Вот как сам Солженицын – внимание! – характеризует ситуацию: «…ведь Запад не с искажённого “Ивана Денисовича”, а только с этого шумного письма выделил меня и стал напряжённо следить». Иными словами, сигнал был подан и принят. На Западе поняли: появилось нечто, что можно использовать в качестве орудия в Холодной войне. Прав был В. Шаламов, написавший позднее Солженицыну: «… Пастернак был жертвой Холодной войны, Вы – её орудие».

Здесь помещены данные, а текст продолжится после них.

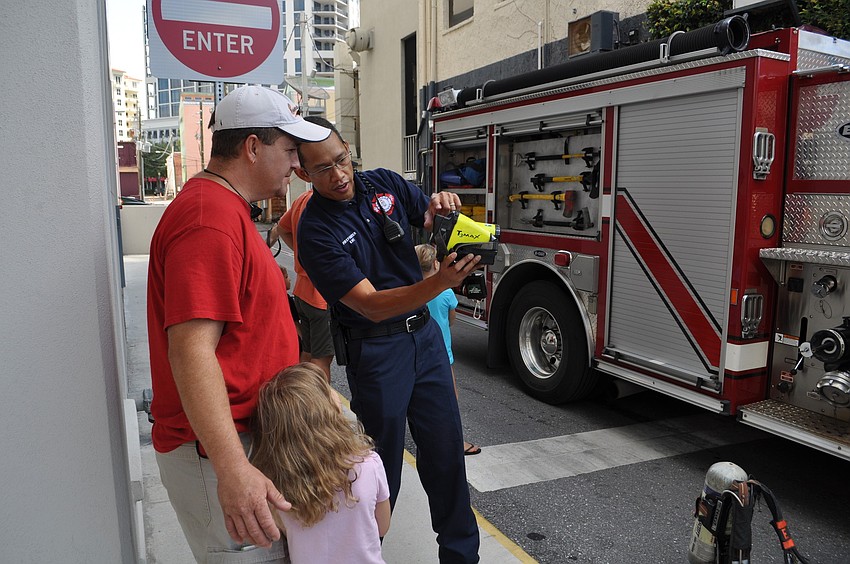 Miguel Fenix shows Alex and Spencer Schurawel how to use a thermal camera.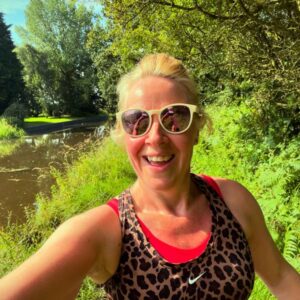Woman runs alongside canal wearing bright red sports bra under an animal print vest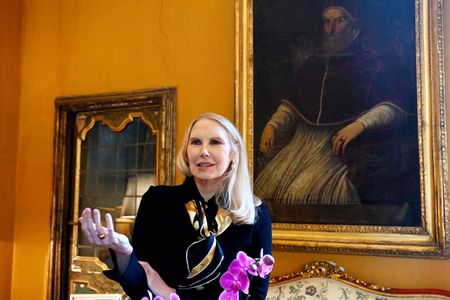 This photograph taken on January 21, 2022, shows the Princess Rita Boncompagni Ludovisi in front of a painting of Pope Gregorio XV at the Casino dell'Aurora inside the Villa Boncompagni Ludovisi in Rome.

Как заметил Г. А. Морев, в середине 1960-х Солженицын перестал быть литератором в традиционном смысле; все его произведения после этого срока – силовые акции, все тексты – удары по СССР. Именно с середины 1960-х и особенно на рубеже 1960-1970-х годов к Солженицыну в его новом качестве начинают присматриваться западные спецслужбы и – под определённым углом, сообразным новым задачам – КГБ. Вскоре рукописи Солженицына находят свой путь в парижское издательство YMCApress.

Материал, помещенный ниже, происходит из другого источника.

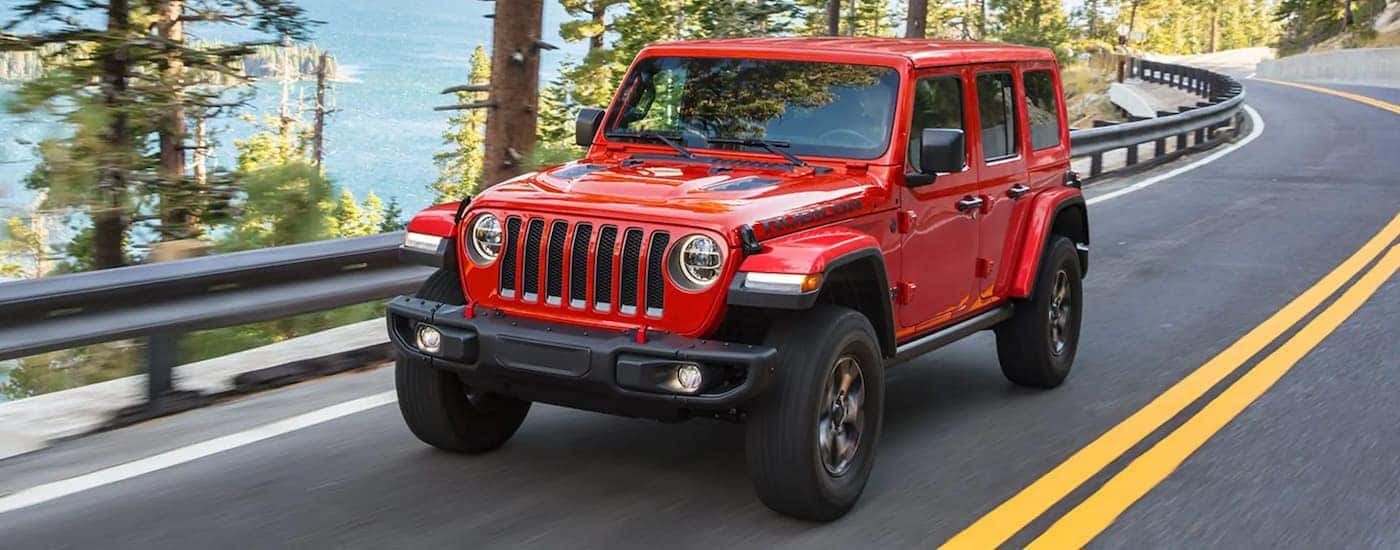 A red 2021 Jeep Wrangler Rubicon Unlimited is shown driving.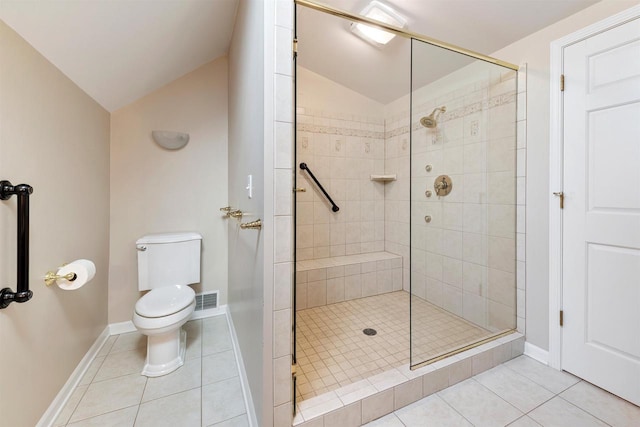 full bath featuring tile patterned floors, visible vents, a stall shower, and lofted ceiling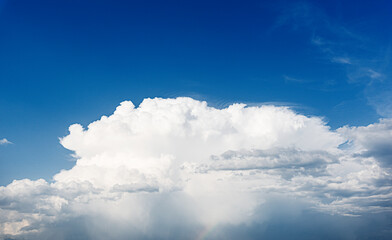 White clouds in the deep blue sky.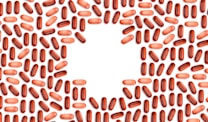 Numerous red and pink capsules are arranged in a pattern that forms the shape of a heart in the center of the image with a white background.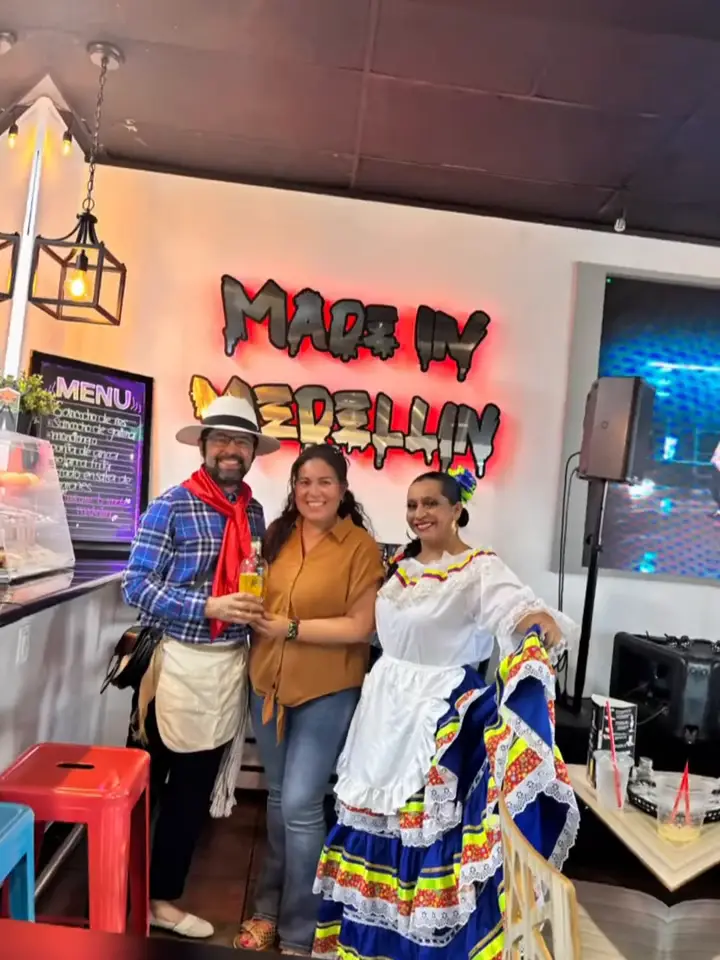 Bailarines de ColombiArte en traje típico posando con una invitada en Made in Medellín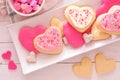 Heart shaped Valentines Day cookies with pink and white icing, overhead on a plate against white wood Royalty Free Stock Photo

А. Флегон, автор книги «Вокруг Солженицына», писал, что именно американская разведка была действительным хозяином эмигрантских изданий, включая YMCA, которая финансировалась ЦРУ и русским отделом Госдепа. Выскажу предположение о том, что поворот Солженицына от литературы к рекламно-конфронтационной (по отношению к СССР) политике был связан не только со стремлением сделать карьеру на Западе (в мировом масштабе), но, помимо прочего, со следующим. При всей эгомании, при всём представлении о собственном величии подсознательно Солженицын, скорее всего понимал, что ни новым Толстым, ни даже новым Шолоховым ему не стать – не допрыгнуть. Кстати, именно поэтому он так ненавидел Шолохова и клеветал на него – хотелось занять его место. Не будучи способным создать нечто даже близко подходящее к уровню не только «Тихого Дона», но также «Поднятой целины» и «Донских рассказов», он стремился отнять у Шолохова великий роман, отказывая в авторстве. Это похоже на логику подлеца Ромашкова («Ромашки») из каверинских «Двух капитанов»: не будучи способным на такую любовь, которую испытывал к Кате Татариновой Саня Григорьев, он – в подлости своей – мог только одно: постараться отнять у него Катю, в чём сам откровенно признался Григорьеву.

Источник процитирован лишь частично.